Let’s start with the basics, which will include many generalities and rough estimates. I have chosen to ignore all players who are in the first three years of their rookie contracts; while we could try to determine the “fair market” cap values for Andrew Luck, Robert Griffin III and J.J. Watt, that would be nothing more than an academic exercise because their 2013 salary cap figures are set in stone. Instead, my goal is to determine the appropriate salary cap values for NFL Veterans (in this post, “Veterans” means all players with at least three prior years of NFL experience).

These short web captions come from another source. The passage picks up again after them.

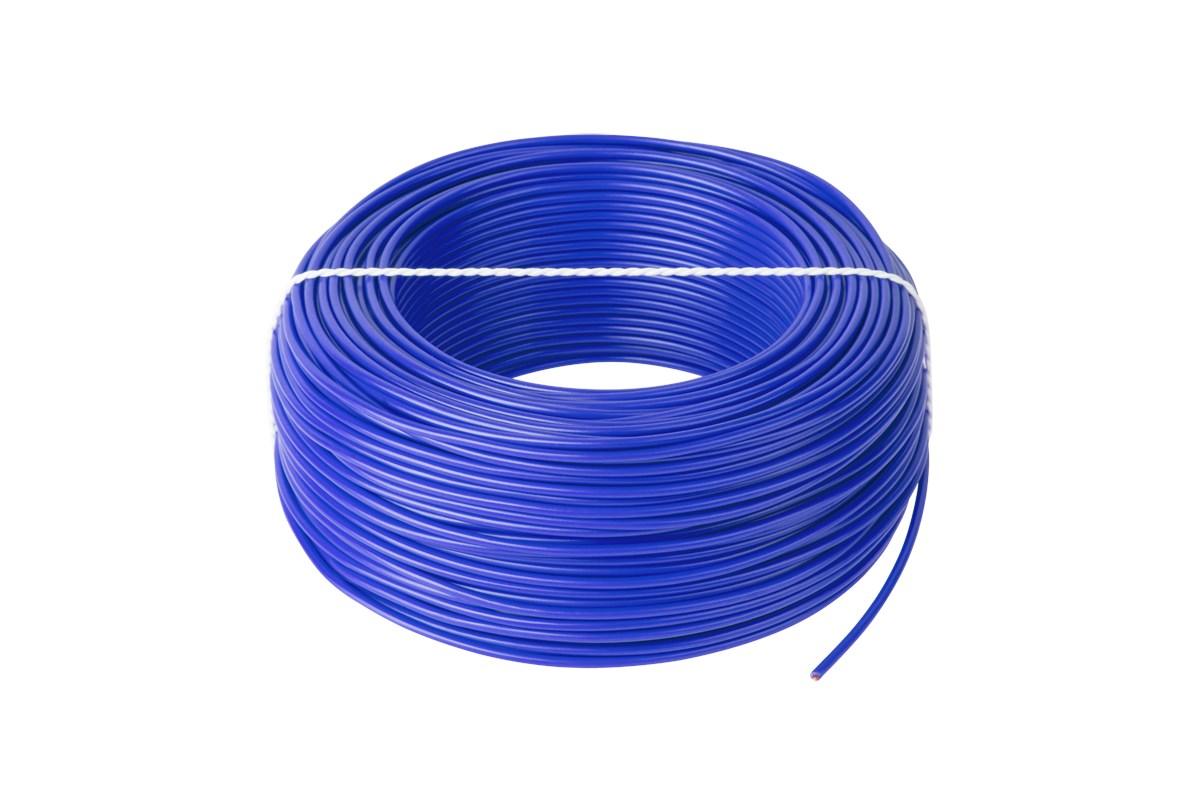 Elektrisk kabel LgY kabelis 1x1.5 H07V-K mėlynas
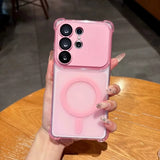 Candy Magnetic Matte Phone Case For Samsung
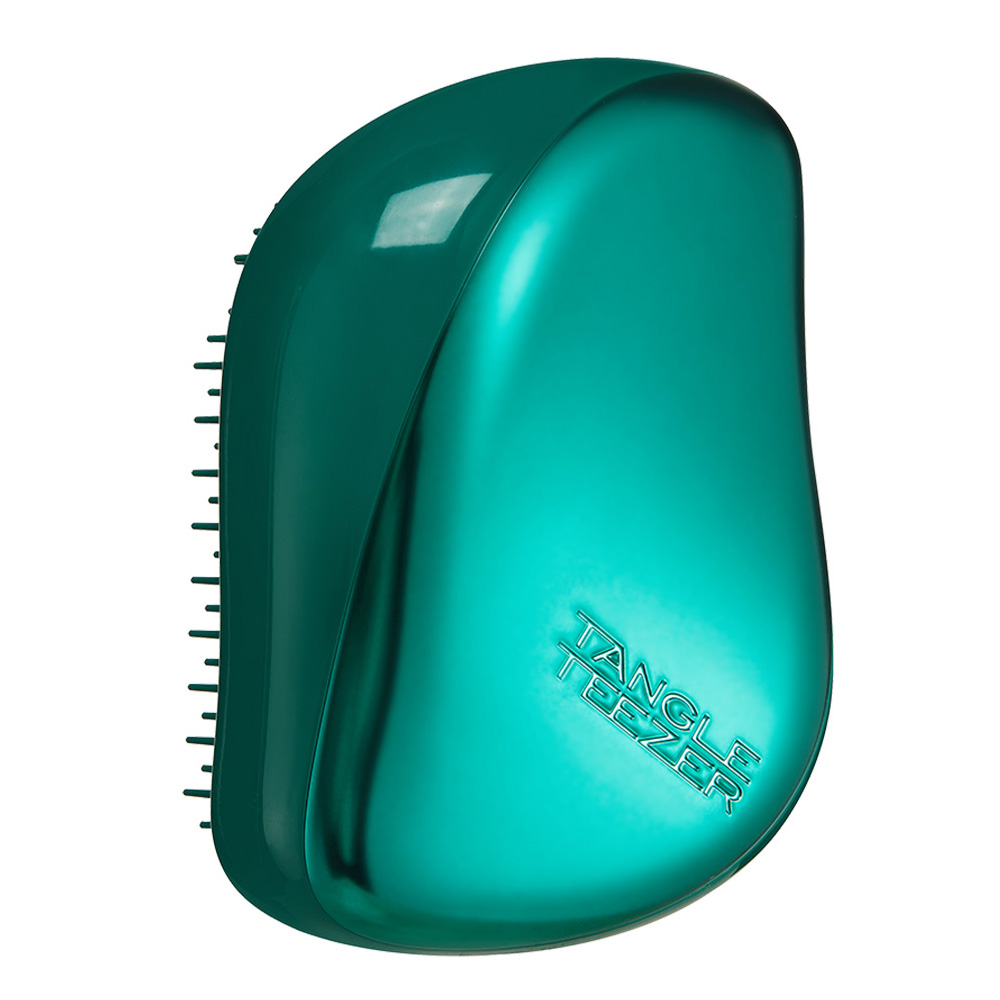Тангл Тизер Расческа Green Jungle для всех типов волос, изумрудная (Tangle Teezer, Compact Styler) фото 2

Note that ALL of the numbers in this post can be manipulated by each user thanks to the Salary Cap Calculator below. Your opinions regarding my assumptions should not interfere with your use of the salary cap calculator.

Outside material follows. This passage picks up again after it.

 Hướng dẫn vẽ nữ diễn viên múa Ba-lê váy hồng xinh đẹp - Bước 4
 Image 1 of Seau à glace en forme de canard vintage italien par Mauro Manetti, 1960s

The salary cap in 2013 is $123.9M, but because players on injured reserve count against the cap, a buffer is needed to sign healthy players during the season. On average, each team will have placed on their roster 64 different players. Some of those players will be signed during the year and may only be on the team for a few weeks, so they won’t cost a significant percentage of the cap. On the other hand, a couple of players are usually on IR before the season even starts. Let’s assume that teams should spend 96% of their cap dollars on the healthy 53 players on their week 1 roster. The next step is figuring out how many of those salary cap dollars will go to non-Veterans.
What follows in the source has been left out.